Le cycle L’art en histoires proposé par le service Art de la Bibliothèque nationale de France propose de questionner les identités artistiques. La conférence du 25 janvier 2023, animée par Philippe Dagen, critique d’art et professeur à l’Université Paris 1 Panthéon-Sorbonne, reviendra sur les mouvements artistiques et intellectuels européens qui font écho aux cultures africaines, amérindiennes, eurasiatiques et océaniques, autour de la notion de primitivisme.

Paul Gauguin, Noa Noa, bois dessinés et gravés, d'après Paul Gauguin, par Daniel de Monfreid, Paris : éditions G. Crès et Cie, 1924, p. 29.
 
Pour revenir sur le terme de « primitivisme », qui considère, en histoire de l’art, les créations culturelles produites par les peuples dits « sauvages », il faut inclure également dans cette expression l’art des enfants, des fous, ou encore des préhistoriques et des rustiques, selon Philippe Dagen. Dans tous les cas, la prise en compte de ces formes de création dites « primitives » implique un croisement de l’anthropologie, de l’ethnographie, de l’archéologie, de la psychiatrie, de la psychanalyse et de l’histoire de l’art. 
 

Exposition d'art africain et d'art océanien, Paris, Galerie Pigalle, 1930.
 

Ainsi, depuis les débuts de la modernité, plusieurs critiques d’art et artistes se sont intéressés à ces formes de culture non-occidentales et non-académiques, découvrant de nouvelles formes et matérialités qui vont contribuer à renouveler les langages artistiques. C’est le cas du cubisme, du surréalisme et du fauvisme, dont les représentants majeurs ont ouvert leurs sources d’inspiration au contact de l’anthropologie. Il faut se rappeler que dans la France des années 1920, le public découvrait les arts d’Afrique et la mode « nègre », notamment les spectacles de Joséphine Baker.

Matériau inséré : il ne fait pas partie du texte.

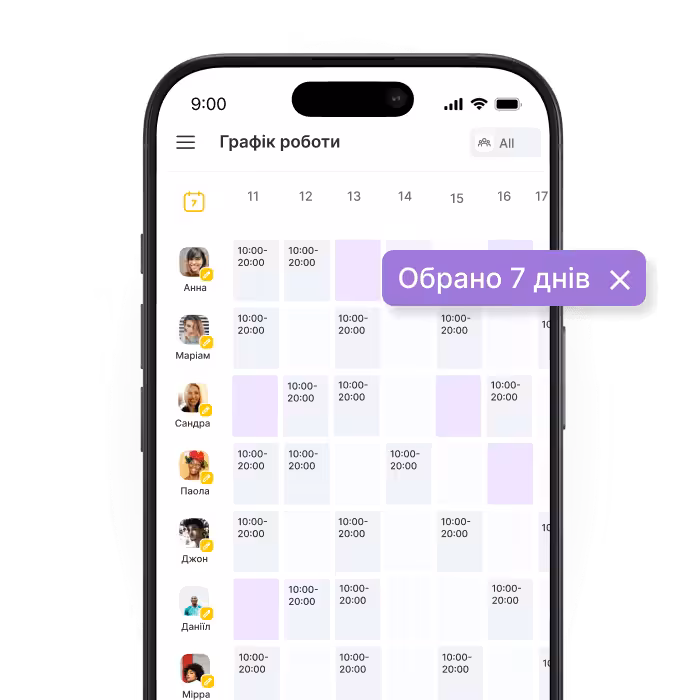 mobile calendar app showing a weekly schedule with user avatars on the left and 10 am8 pm blocks with a purple &apos7 days selected&apos label at the top right of the week | altegio | altegio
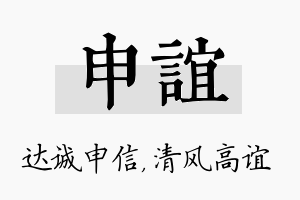 申谊名字的寓意及含义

Jean Chassaing, Joséphine Baker, 1931

   
À la même époque, dans l’Allemagne d’avant 1933, le primitif est exploré par de nombreux peintres, critiques d’art et collectionneurs, notamment par l’historien d’art Carl Einstein, qui a introduit les arts d’Afrique :

     
D’autres critiques et historiens allemands publient des ouvrages au début des années 1920 pour faire connaître cet art d’Afrique ou d’Océanie. Des théoriciens évoquent également les arts non-européens comme Herbert Kühn, qui publie en 1923 Die Kunst der Primitiven et se réfère aux œuvres de Picasso, Delaunay, Klee et Kandinsky. Enfin,  l’ouvrage Exotische Kunst. Afrika und Ozeanien publié par Eckart von Sydow en 1921 attire l’attention des surréalistes et propose une nouvelle approche des théories psychanalytiques autour des totems et statuettes non-occidentales :

   
Dès lors, le surréalisme s’applique à réécrire l’histoire des civilisations dans des revues, telle Minotaure, comme dans des expositions, notamment sous l’impulsion de Tristan Tzara, Max Ernst, André Breton, Alberto Giacometti et Michel Leiris.

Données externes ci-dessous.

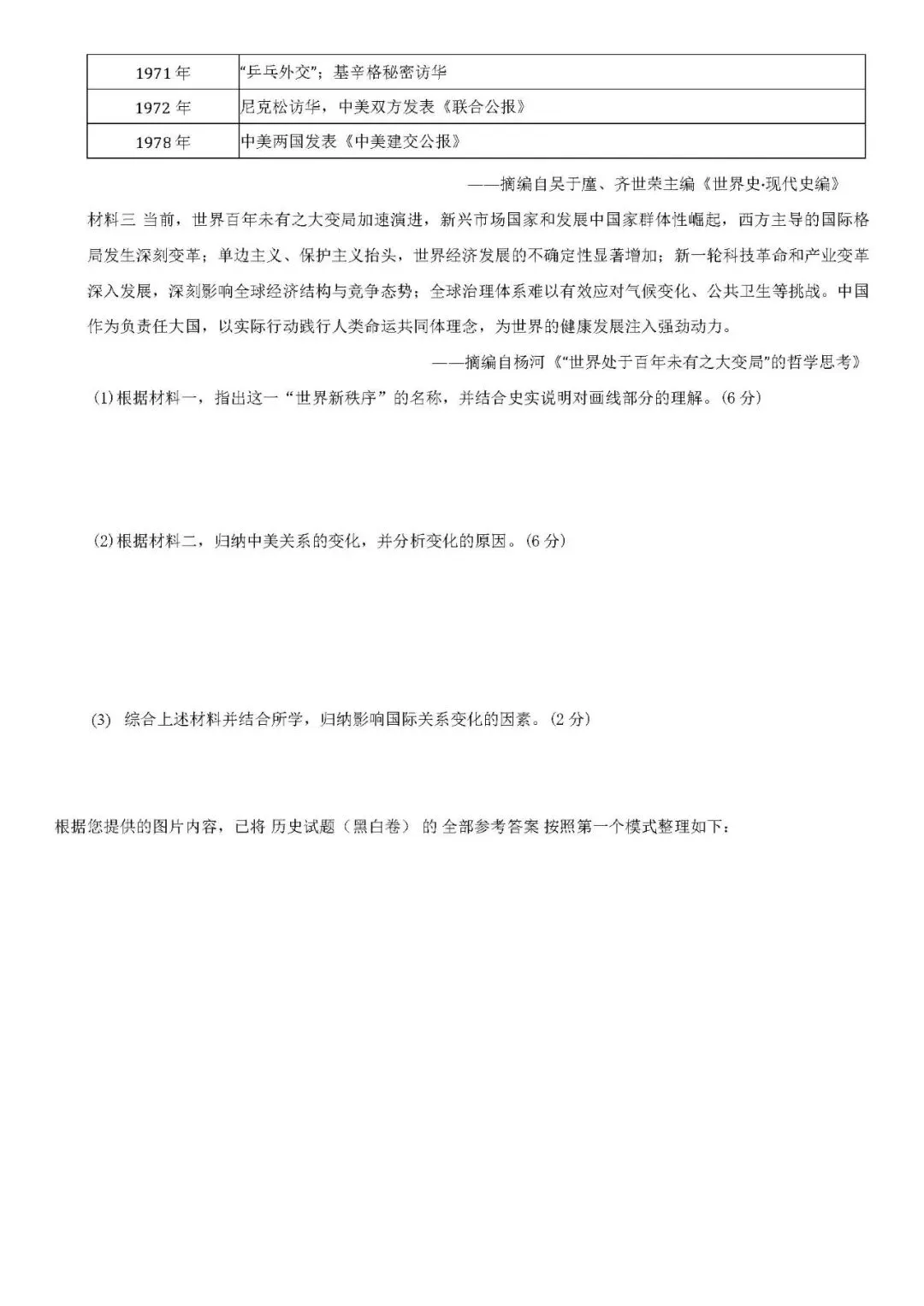 2026年中考历史 模拟考试题01 第10张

Minotaure : revue artistique et littéraire, Paris, Editions Albert Skira, 1934

   
Ces premières formulations du primitivisme sont le fait de critiques d’art, d’historiens et d’ethnologues, mais aussi de poètes et d’artistes, comme Apollinaire et Picasso, qui s’emploient à faire connaître les arts d’Afrique, parallèlement au récit des premières avant-gardes artistiques. Derain, Picasso, Matisse et Braque sont en effet les premiers à s’être intéressés à la plasticité des objets d’art africains.

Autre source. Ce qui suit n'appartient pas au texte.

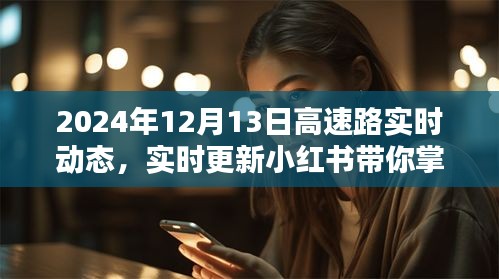 2024年12月13日高速路实时动态，小红书带你掌握最新资讯，出行无忧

Mémoires de l'Académie nationale de Metz, Metz : Lamort, imprimeur de la société, 1998, p. 132.

   
Durant cette période, des artistes quittent la France à destination de l’Amérique et renouvèlent leur relation au primitif au contact des cultures indiennes de la côte nord-ouest et des réserves du sud-ouest des États-Unis. Ils y découvrent les masques et objets ornés amérindiens ou encore les cultures des indiens Hopis et des Zunis.


"Peaux-Rouges", album de 41 phot. d'Indiens d'Amérique du Nord en 1884, avec indication de leurs noms. Collections anthropologiques du prince R. Bonaparte, 1884.

   
Max Ernst accroît ainsi sa collection de poupées katchinas durant son séjour aux États-Unis, qui inspireront ses peintures, comme La Planète affolée (1942) ou Le roi jouant avec la reine (1944). Ces masques et statues de bois ou katchinas inspirent également Dorothea Tanning et servent à des performances primitivistes, tandis qu’en 1945, André Breton visite les réserves indiennes d’Arizona et du Nouveau-Mexique en compagnie d’Elisa.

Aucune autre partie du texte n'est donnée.